The process for determining the retention rate is very simple, since the figure has to do with net income rather than gross income. This means that taxes have already been deducted from the amount of revenue used to determine the plowback ratio. From there, it is simply a matter of deducting the total amount of dividends that are paid out to investors for the period under consideration, and dividing that figure by the net income.

For example, if a business generates $10 million US dollars (USD) in net income and pays out dividends of $1 million USD, this would leave an amount of $9 million USD as net income after dividends. By dividing the amount left after dividends by the net income, it is possible to determine that the company experienced a retention rate of 90%, a figure than many companies would find highly desirable.

The goal of most companies is to realize the highest retention rate possible while still providing investors with dividends that are considered attractive and equitable by those investors. When a business is able to achieve this balance, there is more money to pump back into enhancing the existing operation, or expanding the business by establishing a presence in a new market, funding research and development processes. By making sure there is an appreciable amount of net income retained for these purposes, it is possible to set courses of action that will ultimately benefit both the owners and the investors of the firm.

When a company experiences a relatively low retention rate, steps are usually taken to identify the reasons behind the lackluster percentage. This may lead to making changes in the production process employed by the company, evaluating the costs of raw materials used in that production, or reorganizing the corporate structure to eliminate positions that are considered obsolete or nonproductive. Here, the idea is to trim costs without adversely affecting the quality of the products offered to consumers and thus increase the amount of net income that is generated in general.
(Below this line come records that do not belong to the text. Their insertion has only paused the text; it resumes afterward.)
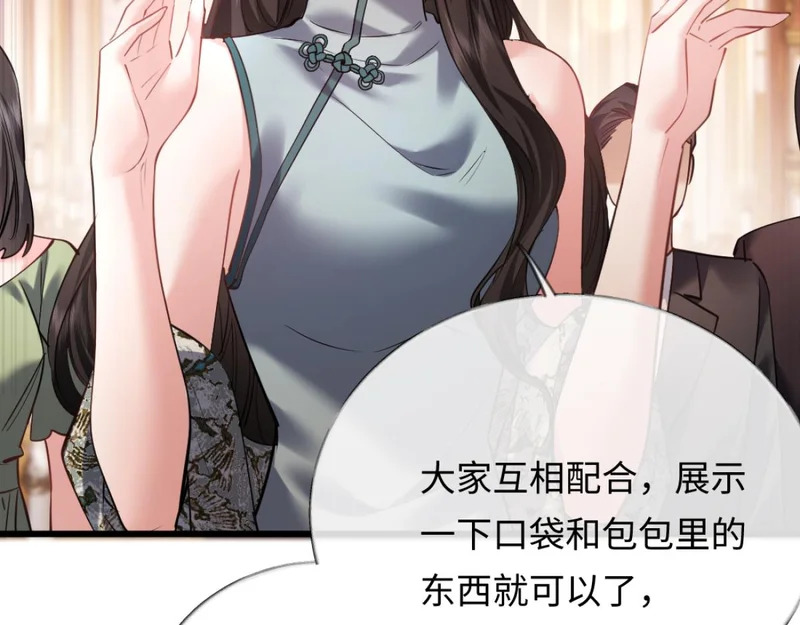 第216页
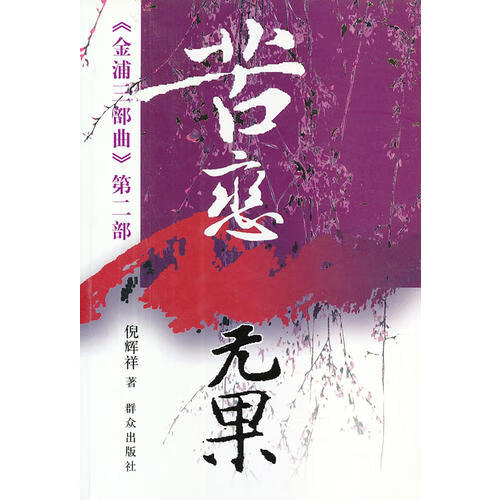 【正版现货】苦练无果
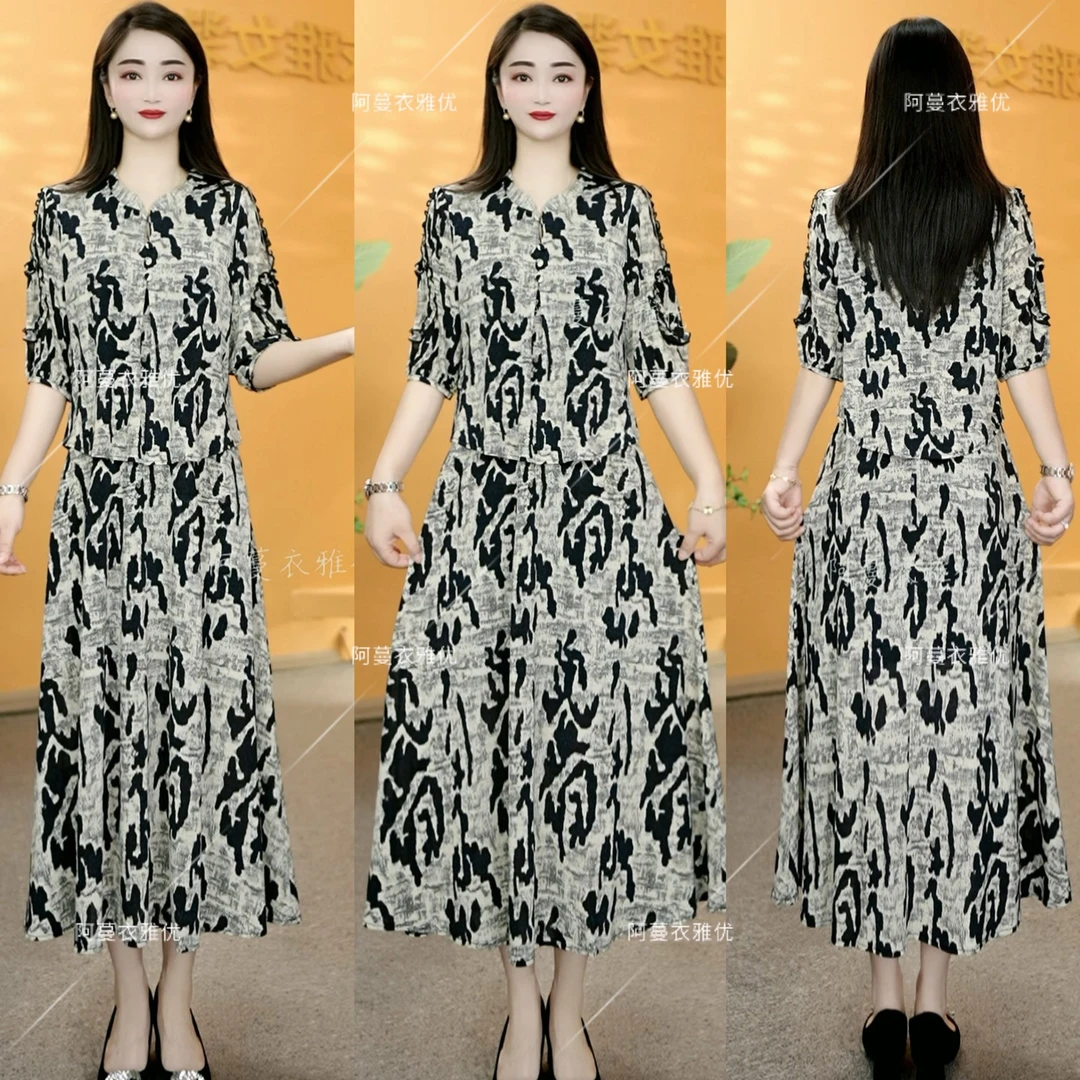 【衣雅严选】8102-1736#新款丝光弹力缎面假两件中袖气质连衣裙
WiseGEEK is dedicated to providing accurate and trustworthy information. We carefully select reputable sources and employ a rigorous fact-checking process to maintain the highest standards. To learn more about our commitment to accuracy, read our editorial process.
Malcolm Tatum
By Malcolm Tatum , Writer
Malcolm Tatum, a former teleconferencing industry professional, followed his passion for trivia, research, and writing to become a full-time freelance writer. He has contributed articles to a variety of print and online publications, including WiseGEEK, and his work has also been featured in poetry collections, devotional anthologies, and newspapers. When not writing, Malcolm enjoys collecting vinyl records, following minor league baseball, and cycling.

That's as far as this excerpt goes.